The strawberry sandwich row joins an extended historical past of comparable circumstances, from the notorious Jaffa Cake determination to pasty temperature exams, highlighting the frighteningly advanced world of meals tax regulation within the UK.
Culinary clashes
- Jaffa Truffles – in 1991, the Jaffa Cake case shocked the nation. HMRC contended they have been chocolate-covered biscuits (standard-rated), whereas McVitie’s argued they have been desserts (zero-rated). Finally, partly as a result of they go mushy when stale, versus exhausting, the tribunal dominated in favor of McVitie’s, classifying Jaffa Truffles as desserts.
- Greggs sausage rolls – to take care of zero-rated standing, Greggs sells their sausage rolls at room temperature, as sizzling takeaway meals is topic to VAT.
- Sensations Poppadoms – in early 2024, Walkers misplaced a court docket battle when judges dominated that their mini poppadoms have been, for tax functions, truly crisps, regardless of being consumed in a very totally different approach. The argument that gained out is that poppadoms are potato-based and packaged for human consumption – the way in which they’re eaten is secondary.
- KFC dip pots – a 2024 case decided that KFC’s dip pots have been a part of the recent meal and thus topic to VAT. That is fascinating because it reveals an reverse ruling to the Walkers poppadom case, because the tribunal targeted on how the product is consumed.
- Pringles – Procter & Gamble argued that Pringles weren’t potato crisps and needs to be zero-rated.
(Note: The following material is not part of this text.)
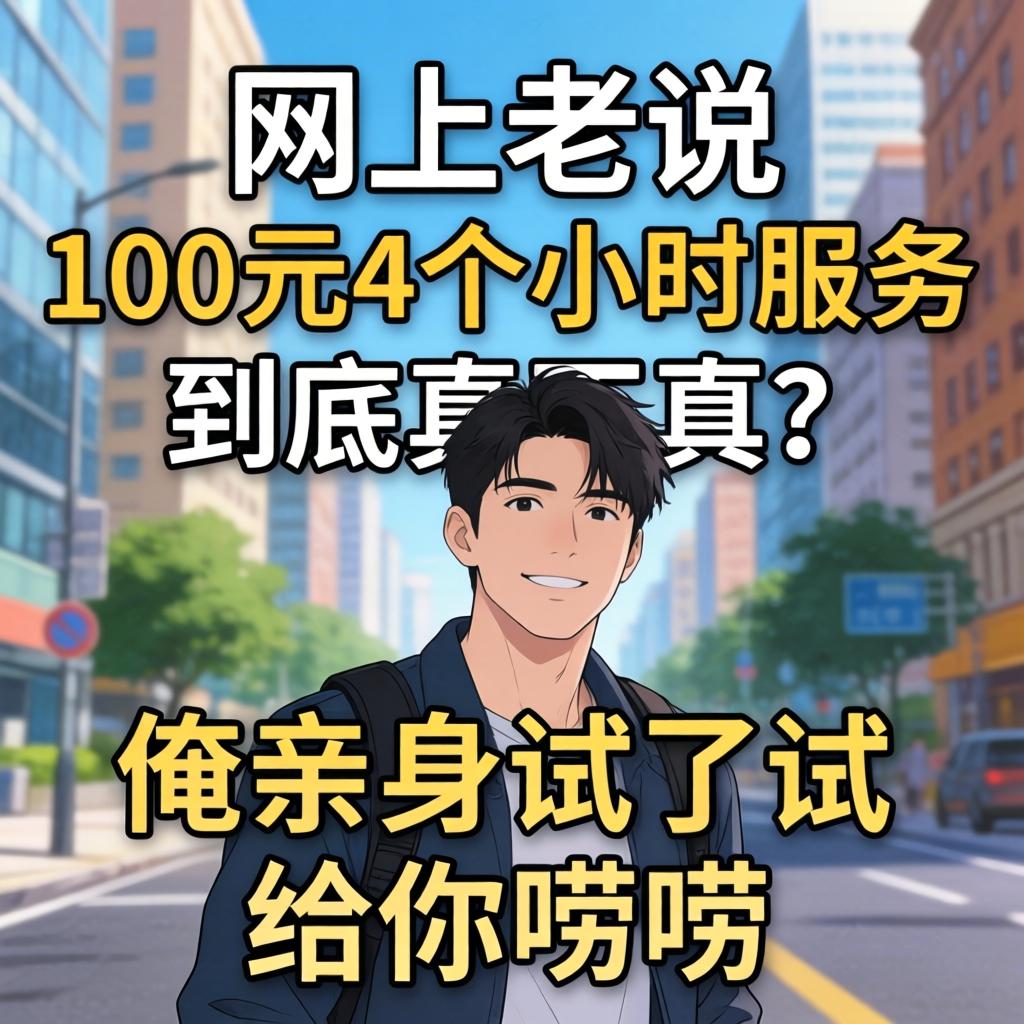 网上老说的“100元4个幼时服务”到底真不真？俺亲自试了试给你唠唠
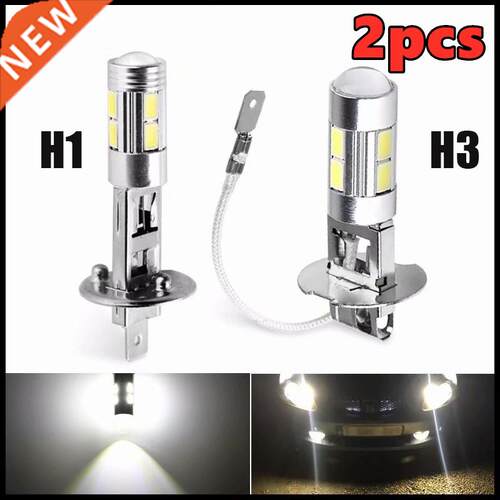 1/2Pcs H1 H3 LED Bulbs 6000K White Super Bright High Power 1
In spite of everything, they comprise lower than 50% potato, and have been extra akin to a cake or a bread. Nonetheless, the court docket dominated they contained sufficient potato content material to be categorised as crisps, making them standard-rated.
Meals for thought
The classification of M&S’s strawberry and cream sandwich may have important monetary implications. If deemed confectionery, it will be topic to twenty% VAT, and M&S could be compelled to rethink the viability of the product.
The M&S strawberry and cream sandwich VAT debate is a good instance of how skinny the road is between a giant tax invoice and a zero-rated snack. The distinction between this scrumptious deal with turning into your common responsible pleasure and also you by no means serious about them ever once more would possibly properly rely on how they’re taxed.